*** EXTRACTED DATA Section Begins ***

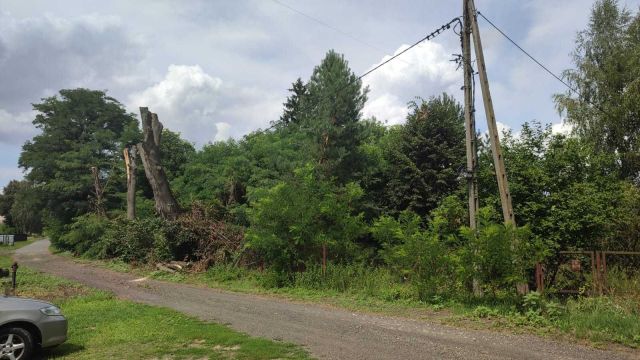 Działka rolno-budowlana Józefów. Zdjęcie 1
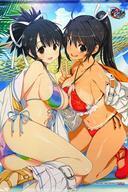 中古タペストリー 飛鳥&焔 八重樫南氏描きおろしB2タペストリー 「PS4ソフト 閃乱忍忍忍者大戦ネプテューヌ -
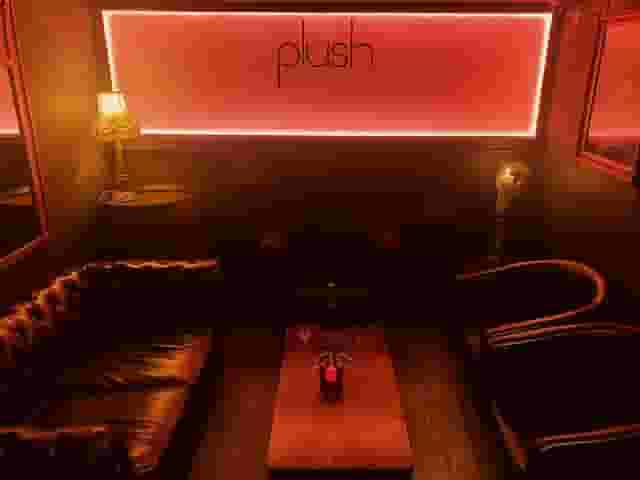 Plush Oxford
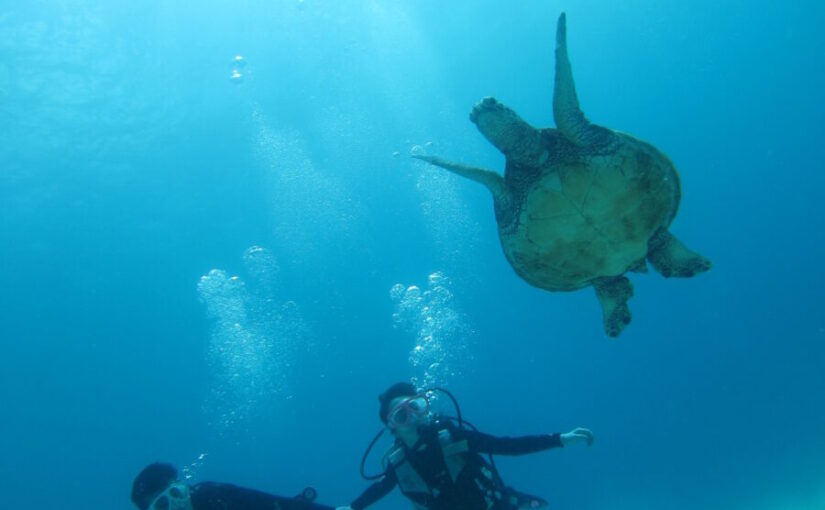 ハワイ ダイビング ウミガメ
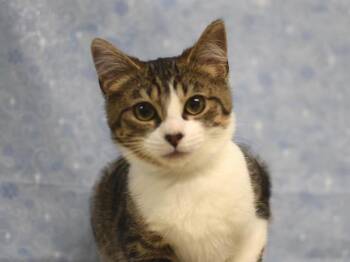 Suzuka -  Domestic Short Hair Cat for Adoption in Portland, Oregon - Suzuka | PetCurious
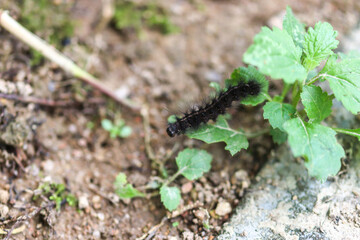 Insects in the Forest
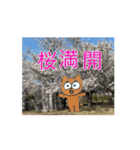 動くしば（個別スタンプ：7）
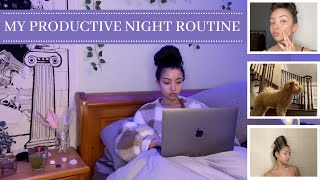 MY PRODUCTIVE NIGHT ROUTINE | healthy habits | tips | night skincare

*** EXTRACTED DATA Section Ends ***

EXERCISE OBJECTIVE:
Although the records above contain pictures, your copy should give only their text, exactly as written.

EXERCISE RESULT:
 Działka rolno-budowlana Józefów. Zdjęcie 1
 中古タペストリー 飛鳥&焔 八重樫南氏描きおろしB2タペストリー 「PS4ソフト 閃乱忍忍忍者大戦ネプテューヌ -
 Plush Oxford
 ハワイ ダイビング ウミガメ
 Suzuka -  Domestic Short Hair Cat for Adoption in Portland, Oregon - Suzuka | PetCurious
 Insects in the Forest
 動くしば（個別スタンプ：7）
 MY PRODUCTIVE NIGHT ROUTINE | healthy habits | tips | night skincare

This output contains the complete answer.